What is the sum of the different points on $x$-axis and that intersect with the two curves :
$x^2=x+y+4 , y^2=y-15x+36$
What is the sum of the different points on $x$-axis and that intersect with the two curves :
$x^2=x+y+4 , y^2=y-15x+36$
As the comments have said, we set $y=0$. For the curve $y^2=-15x+36$, we get $x=36/15$. For the curve $x^2=x+y+4$ we get $x^2-x-4=0$.

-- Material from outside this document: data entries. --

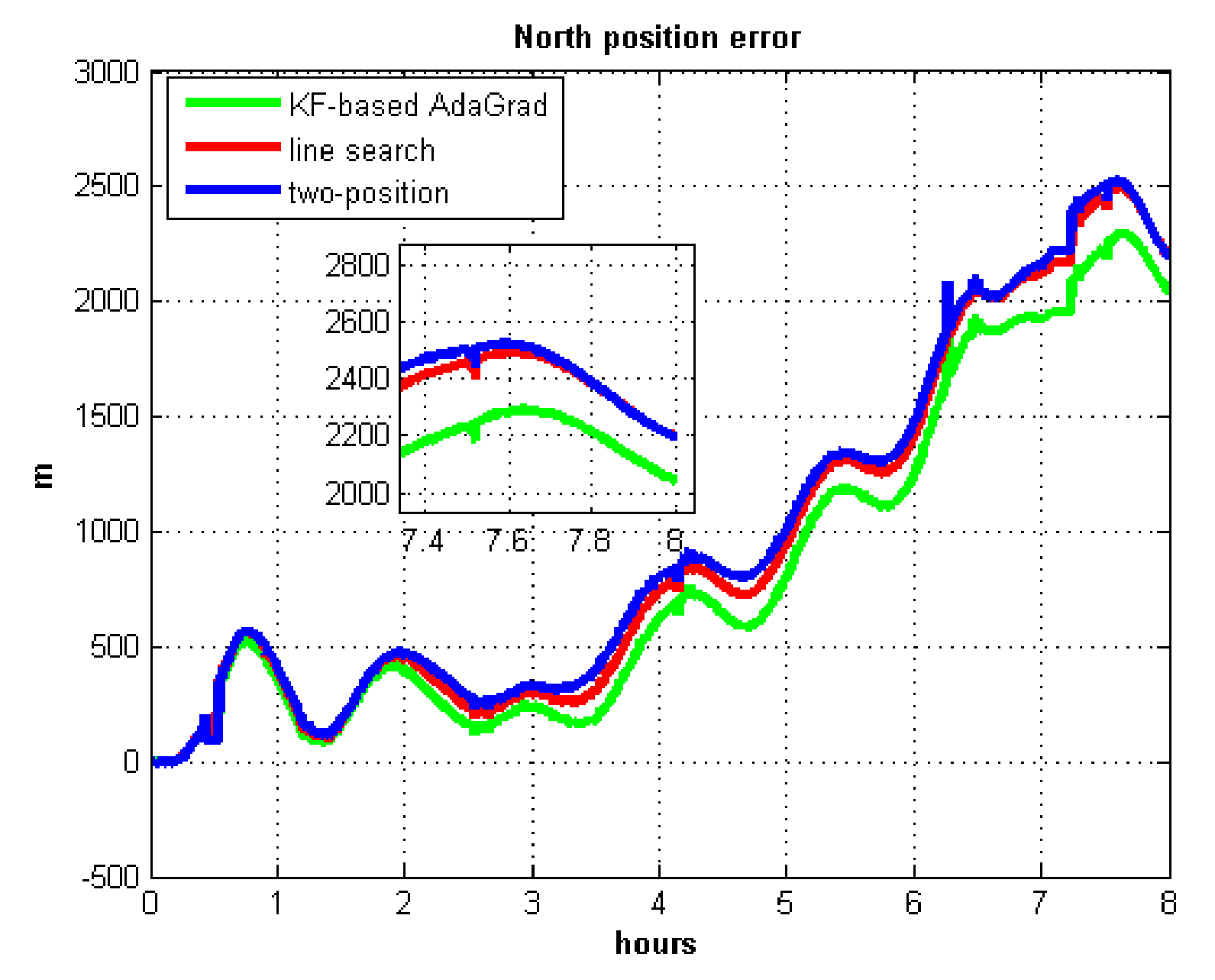 Sensors 21 05055 g026 550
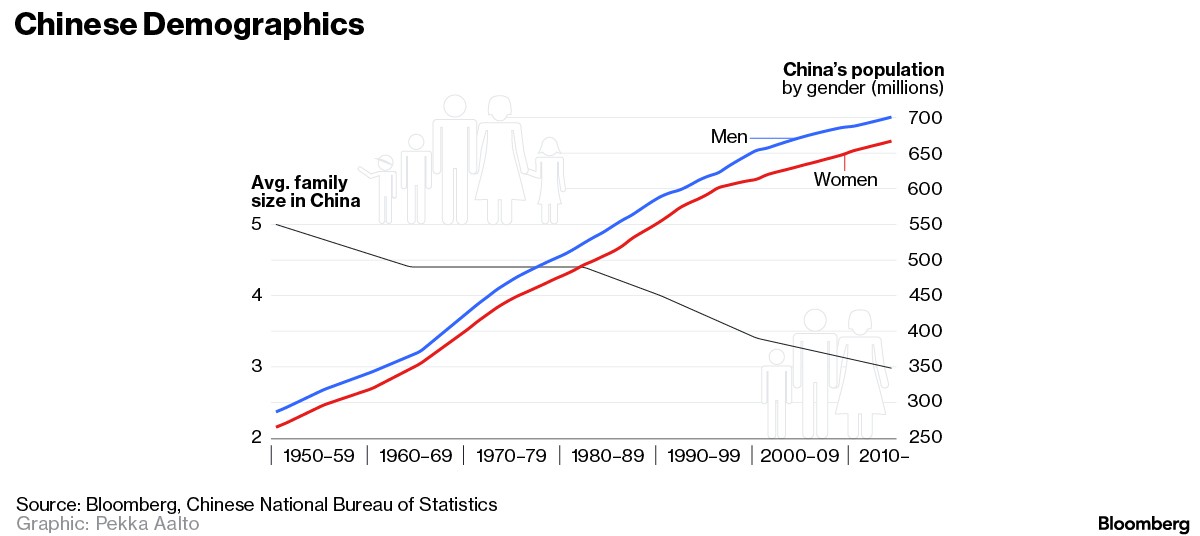 Demografia w Chinach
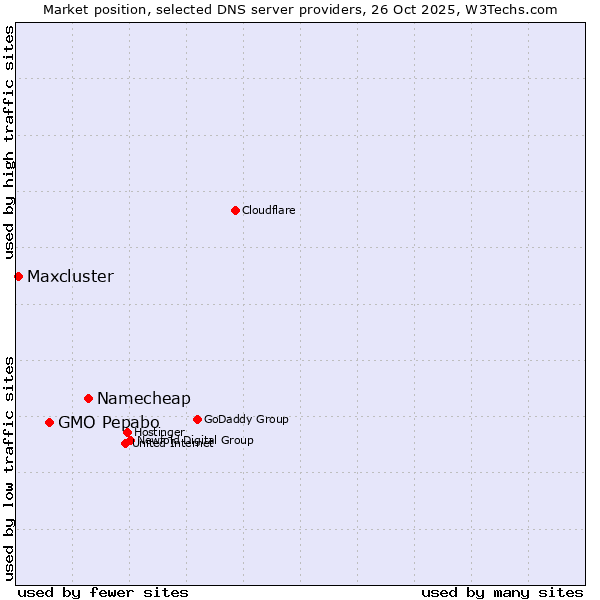 Market position of Namecheap vs. GMO Pepabo vs. Maxcluster
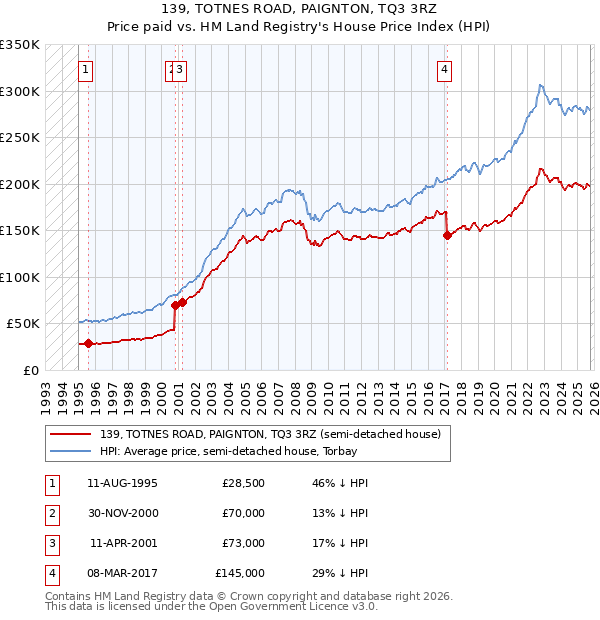 139, TOTNES ROAD, PAIGNTON, TQ3 3RZ: Price paid vs HM Land Registry's House Price Index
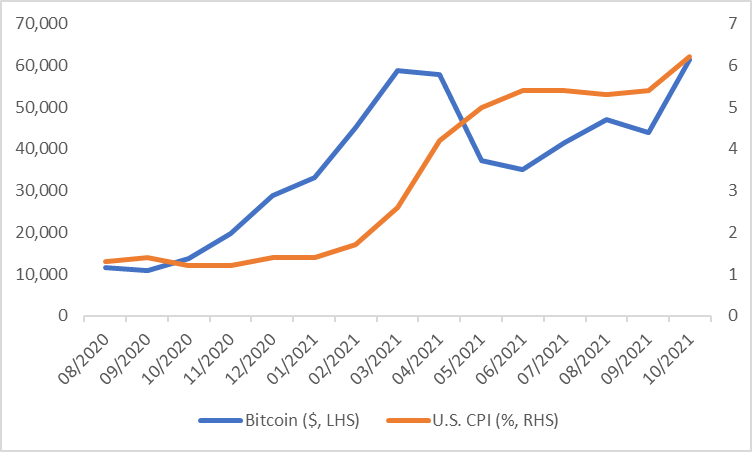 btc
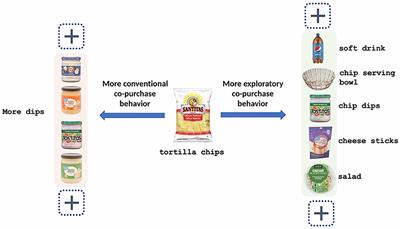 Personalized diversification of complementary recommendations with user preference in online grocery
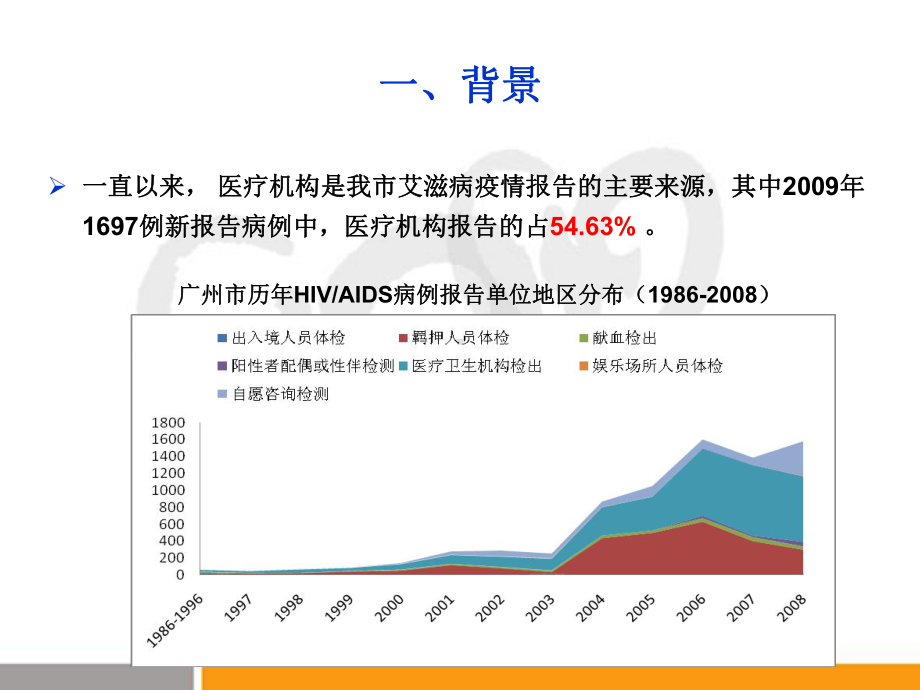 进一步促进医疗机构参与艾滋病防治工作课件.ppt_第2页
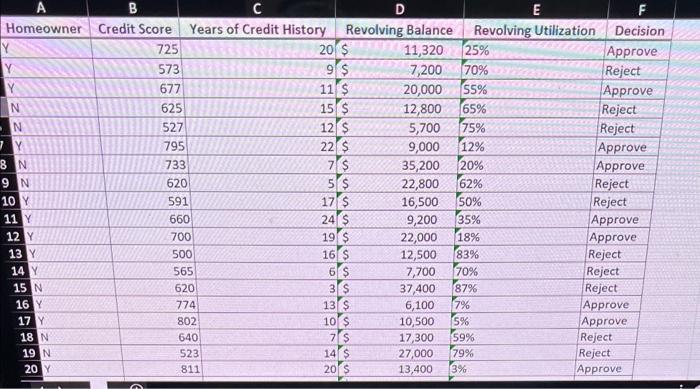 Solved Data on credit approval decisions yields the | Chegg.com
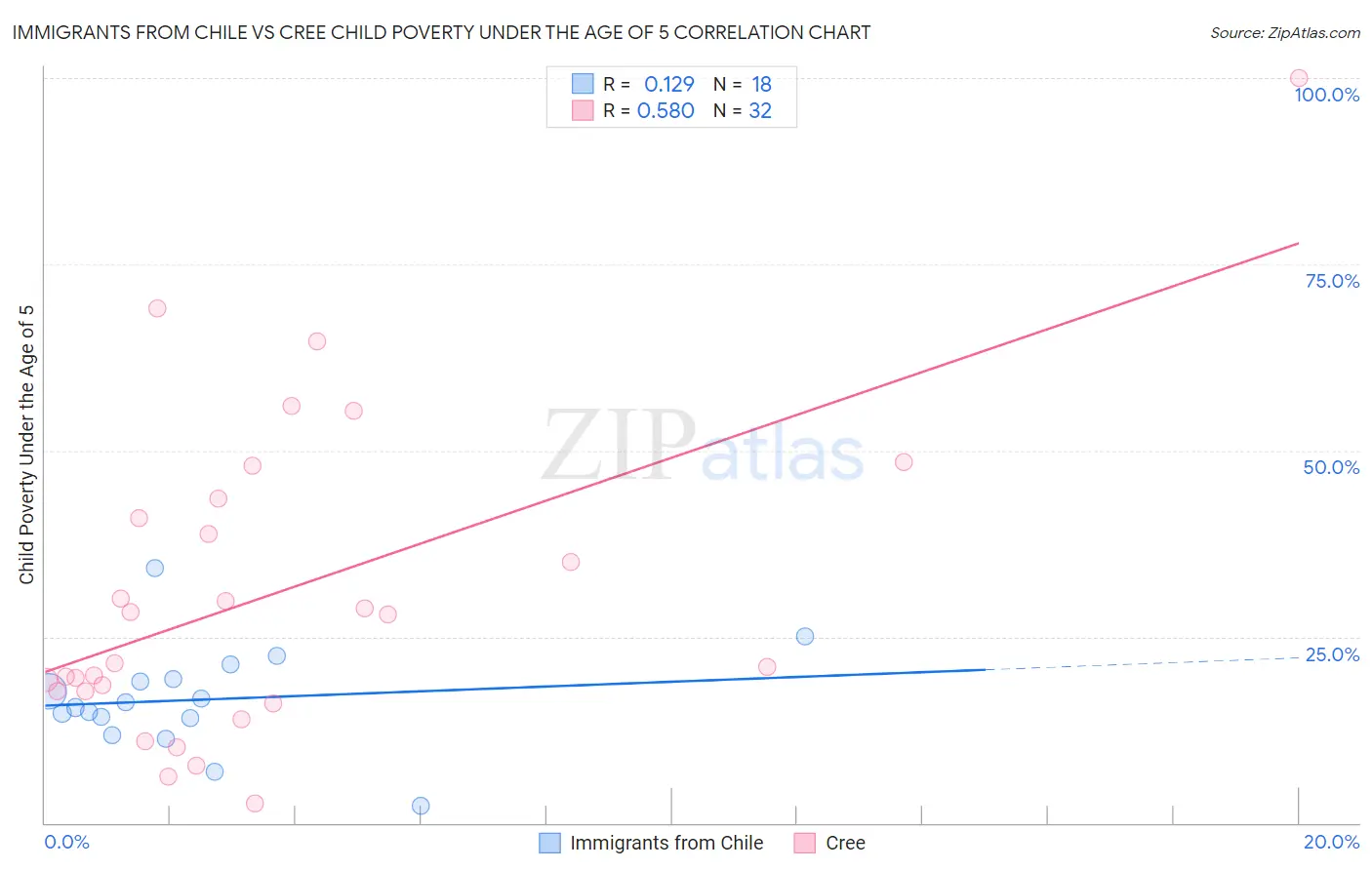 Immigrants from Chile vs Cree Child Poverty Under the Age of 5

By the Rational Roots Theorem, the only conceivable rational roots of $x^2-x-4=0$ are integers that divide $4$. None of these is in fact a root, but that is irrelevant, the point is that $36/15$ cannot be a root of $x^2-x-4=0$.
Now we still need the sum of the (real) roots of $x^2-x-4=0$. It is easy to see that there are in fact two real roots. We could compute them, using the Quadratic Formula, and then add. But in general the sum of the roots of $x^2+ax+b=0$ is $-a$. So the sum of the roots of $x^2-x-4=0$ is $1$. Add that to $36/15$.
Remark: Consider the polynomial equation $a_0x^n+a_1x^{n-1}+\cdots+a_n=0$, where $a_0\ne 0$. Then the sum of all the roots of the equation in the complex numbers is $-a_1/a_0$. In this formula, a root of multiplicity greater than $1$ counts as many times as it occurs. For example, $x^2-6x+9=0$ as a "double root" at $x=3$. The formula predicts, correctly, that the sum of the roots is $-(-6)$.